Hubo un ave, un vuelo, un desprendimiento.

Me encontré una pluma tirada en el suelo de esta ciudad.

Mientras esperaba el camión. Pensé.

Nada en esta parada de autobuses cambiaría si yo no estuviera.

Subo al camión y sé que el conductor no extrañaría los cuatro pesos de mi pasaje. Porque cuatro pesos no son nada, porque un pasajero más o uno menos no es nada.

Hoy no tomaré el metro. Caminaré desde Reforma hasta casa. 

Me detendré a ver los autos que en sentido progresivo rodean la Diana, el Ángel.

Nada en esta ciudad cambiaría a mi partida. 

La misma histeria colectiva, con mi ausencia y a pesar de ella.  

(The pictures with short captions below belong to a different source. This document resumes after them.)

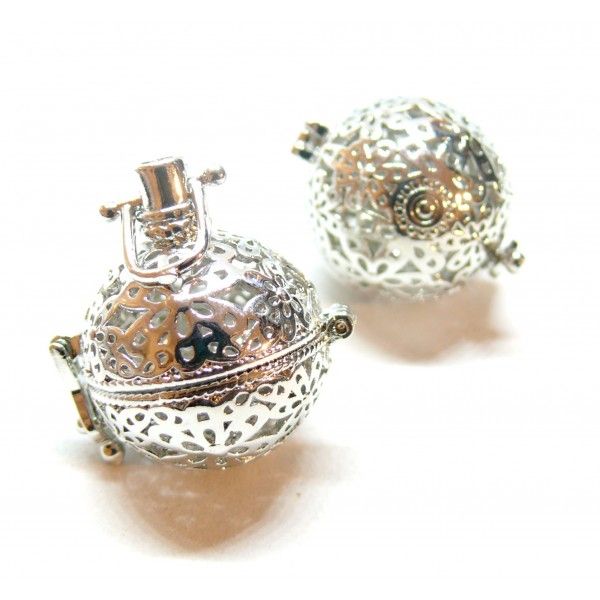 Pendentif Cage Bola Grossesse Multi Fleur 16 mm – Laiton – Finition Argent Platine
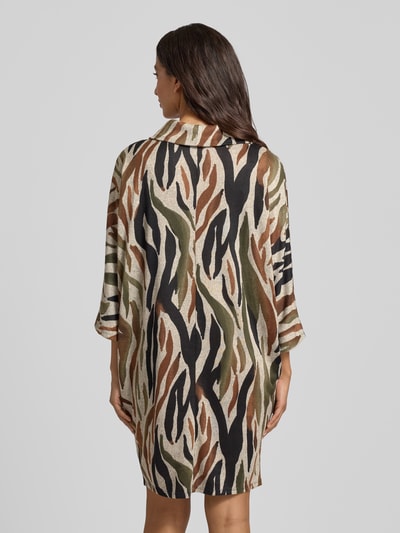 Apricot Relaxed fit jurk met wijde col Roestrood - 5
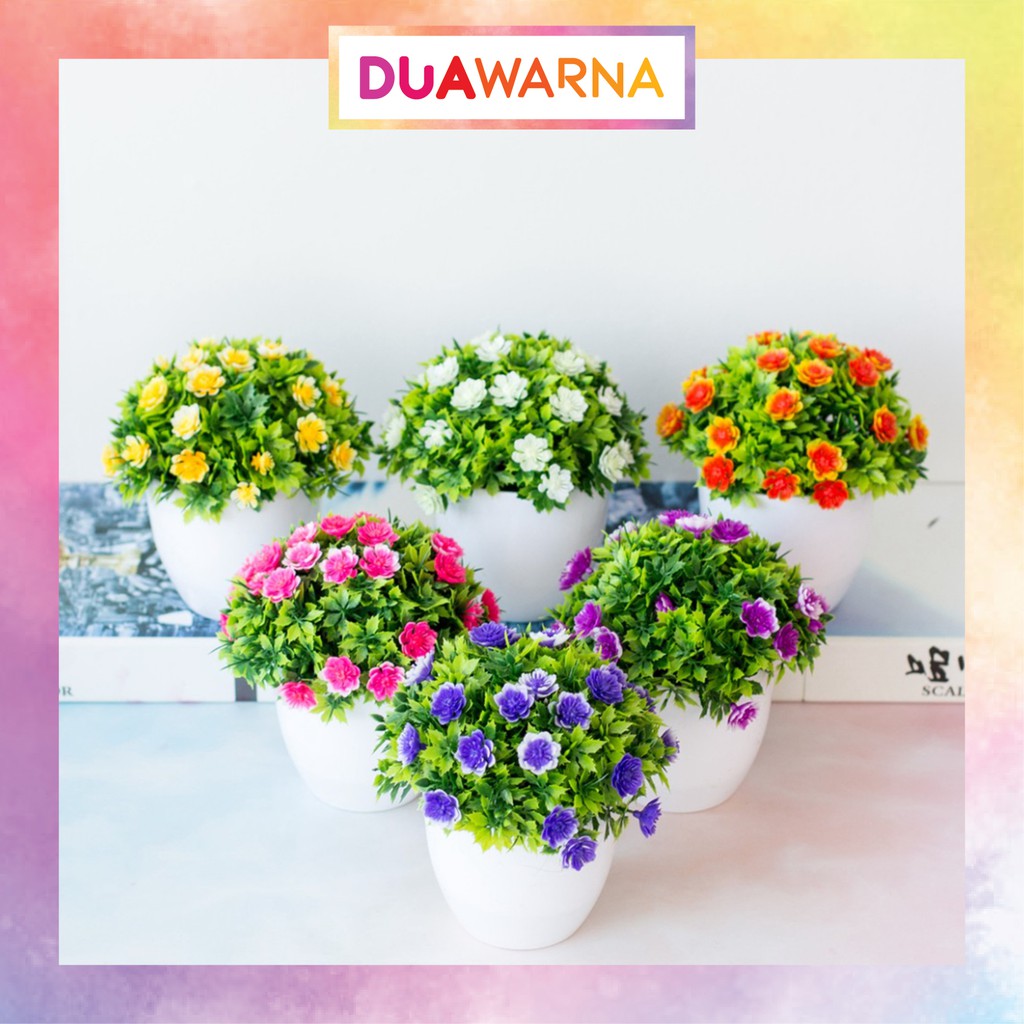 DuaWarna Tanaman Bunga Plastik Pot Bulat Artificial Flower Ornamen Hiasan Pohon Bunga Kamar DE064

Tampoco vendrías esta noche, ni la que viene después de hoy.

Un paso seguido de otro, un continuo gotear. Camino cuidando donde pongo mis ojos, no quiero tropezar con algo que me pueda hacer llorar.

Porque soy frágil, porque soy sensible, porque cada vez me es más difícil romper el aire que hay entre lo que quiero que sea y lo que es.

Un ave se abrió camino, entre el cielo y los autos de esta ciudad. Un ave perdió una pluma.